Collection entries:
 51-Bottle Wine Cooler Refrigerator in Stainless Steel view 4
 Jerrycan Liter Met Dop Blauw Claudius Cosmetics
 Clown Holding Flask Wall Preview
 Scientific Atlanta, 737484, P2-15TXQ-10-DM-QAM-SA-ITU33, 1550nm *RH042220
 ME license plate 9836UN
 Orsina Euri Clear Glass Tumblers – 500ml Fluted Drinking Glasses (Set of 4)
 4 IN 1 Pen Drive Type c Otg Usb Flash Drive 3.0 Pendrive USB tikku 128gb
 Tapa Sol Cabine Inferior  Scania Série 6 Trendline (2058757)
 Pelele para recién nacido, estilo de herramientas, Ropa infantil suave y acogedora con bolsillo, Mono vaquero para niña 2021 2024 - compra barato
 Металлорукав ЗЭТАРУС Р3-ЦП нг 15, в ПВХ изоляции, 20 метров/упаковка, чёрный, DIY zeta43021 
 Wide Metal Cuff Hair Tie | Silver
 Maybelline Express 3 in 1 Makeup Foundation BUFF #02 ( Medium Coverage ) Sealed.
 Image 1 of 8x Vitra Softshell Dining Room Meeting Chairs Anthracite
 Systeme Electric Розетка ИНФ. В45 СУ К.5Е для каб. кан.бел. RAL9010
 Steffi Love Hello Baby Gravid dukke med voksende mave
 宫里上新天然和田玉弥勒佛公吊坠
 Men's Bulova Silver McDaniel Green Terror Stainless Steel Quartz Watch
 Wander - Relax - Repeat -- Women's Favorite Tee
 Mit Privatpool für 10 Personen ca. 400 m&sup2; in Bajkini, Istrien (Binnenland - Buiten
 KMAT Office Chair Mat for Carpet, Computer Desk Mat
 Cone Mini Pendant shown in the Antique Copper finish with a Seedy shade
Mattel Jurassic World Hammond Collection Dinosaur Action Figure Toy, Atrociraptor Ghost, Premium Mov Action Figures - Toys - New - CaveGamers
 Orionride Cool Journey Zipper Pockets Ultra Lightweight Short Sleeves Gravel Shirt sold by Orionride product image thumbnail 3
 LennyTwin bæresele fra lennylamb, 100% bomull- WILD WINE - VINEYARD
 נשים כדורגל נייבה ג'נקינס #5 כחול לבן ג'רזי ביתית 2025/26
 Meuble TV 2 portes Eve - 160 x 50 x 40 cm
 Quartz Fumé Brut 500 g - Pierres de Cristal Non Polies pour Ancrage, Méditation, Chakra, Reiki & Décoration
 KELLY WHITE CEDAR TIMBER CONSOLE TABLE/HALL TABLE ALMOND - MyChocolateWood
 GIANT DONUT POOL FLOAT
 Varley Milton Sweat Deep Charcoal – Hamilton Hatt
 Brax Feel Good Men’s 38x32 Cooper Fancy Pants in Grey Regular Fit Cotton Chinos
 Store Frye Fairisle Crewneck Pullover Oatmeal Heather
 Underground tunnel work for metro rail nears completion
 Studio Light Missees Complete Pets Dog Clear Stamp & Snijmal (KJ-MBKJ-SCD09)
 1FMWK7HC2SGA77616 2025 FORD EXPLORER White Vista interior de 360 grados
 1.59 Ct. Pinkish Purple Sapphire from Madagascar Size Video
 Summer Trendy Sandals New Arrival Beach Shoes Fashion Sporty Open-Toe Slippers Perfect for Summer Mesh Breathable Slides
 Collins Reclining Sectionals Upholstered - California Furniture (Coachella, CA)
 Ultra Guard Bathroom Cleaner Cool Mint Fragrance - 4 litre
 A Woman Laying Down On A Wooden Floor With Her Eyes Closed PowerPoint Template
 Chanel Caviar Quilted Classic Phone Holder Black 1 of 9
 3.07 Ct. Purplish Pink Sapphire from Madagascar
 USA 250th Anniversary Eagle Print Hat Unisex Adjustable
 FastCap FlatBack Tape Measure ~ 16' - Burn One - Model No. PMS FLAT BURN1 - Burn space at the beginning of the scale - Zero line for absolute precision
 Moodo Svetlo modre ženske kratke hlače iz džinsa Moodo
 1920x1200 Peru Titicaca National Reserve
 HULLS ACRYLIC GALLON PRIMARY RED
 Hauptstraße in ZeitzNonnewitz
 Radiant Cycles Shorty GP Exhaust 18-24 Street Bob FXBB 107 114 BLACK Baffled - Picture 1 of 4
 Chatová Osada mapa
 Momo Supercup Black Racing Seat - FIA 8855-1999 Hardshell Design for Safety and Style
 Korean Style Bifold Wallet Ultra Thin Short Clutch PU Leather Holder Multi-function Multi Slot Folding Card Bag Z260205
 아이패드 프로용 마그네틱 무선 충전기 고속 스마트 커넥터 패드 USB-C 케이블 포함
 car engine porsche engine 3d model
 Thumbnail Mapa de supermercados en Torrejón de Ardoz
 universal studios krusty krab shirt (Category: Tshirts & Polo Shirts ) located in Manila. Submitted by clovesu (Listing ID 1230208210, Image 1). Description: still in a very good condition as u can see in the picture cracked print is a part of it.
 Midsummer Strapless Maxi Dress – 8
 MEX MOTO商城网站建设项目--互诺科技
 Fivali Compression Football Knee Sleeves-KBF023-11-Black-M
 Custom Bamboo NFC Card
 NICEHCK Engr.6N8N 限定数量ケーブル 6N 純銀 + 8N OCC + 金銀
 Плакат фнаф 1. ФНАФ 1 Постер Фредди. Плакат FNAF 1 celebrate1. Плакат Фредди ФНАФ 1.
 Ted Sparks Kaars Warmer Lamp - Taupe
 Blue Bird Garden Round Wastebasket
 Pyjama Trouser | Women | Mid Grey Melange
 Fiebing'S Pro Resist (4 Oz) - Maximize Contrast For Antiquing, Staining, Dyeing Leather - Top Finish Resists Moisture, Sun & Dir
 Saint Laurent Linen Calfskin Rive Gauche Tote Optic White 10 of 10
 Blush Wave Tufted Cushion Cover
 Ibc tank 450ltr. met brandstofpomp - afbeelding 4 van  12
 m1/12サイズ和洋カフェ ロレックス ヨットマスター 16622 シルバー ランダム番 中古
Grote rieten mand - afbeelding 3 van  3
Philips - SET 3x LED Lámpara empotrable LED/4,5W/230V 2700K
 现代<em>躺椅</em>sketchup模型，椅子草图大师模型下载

Your assignment: Only those lines of the entries above that run from the line containing "Radiant Cycles Shorty" to the line containing "Korean Style Bifold", both included, should be transcribed exactly.

Result of the task:
 Radiant Cycles Shorty GP Exhaust 18-24 Street Bob FXBB 107 114 BLACK Baffled - Picture 1 of 4
 Chatová Osada mapa
 Momo Supercup Black Racing Seat - FIA 8855-1999 Hardshell Design for Safety and Style
 Korean Style Bifold Wallet Ultra Thin Short Clutch PU Leather Holder Multi-function Multi Slot Folding Card Bag Z260205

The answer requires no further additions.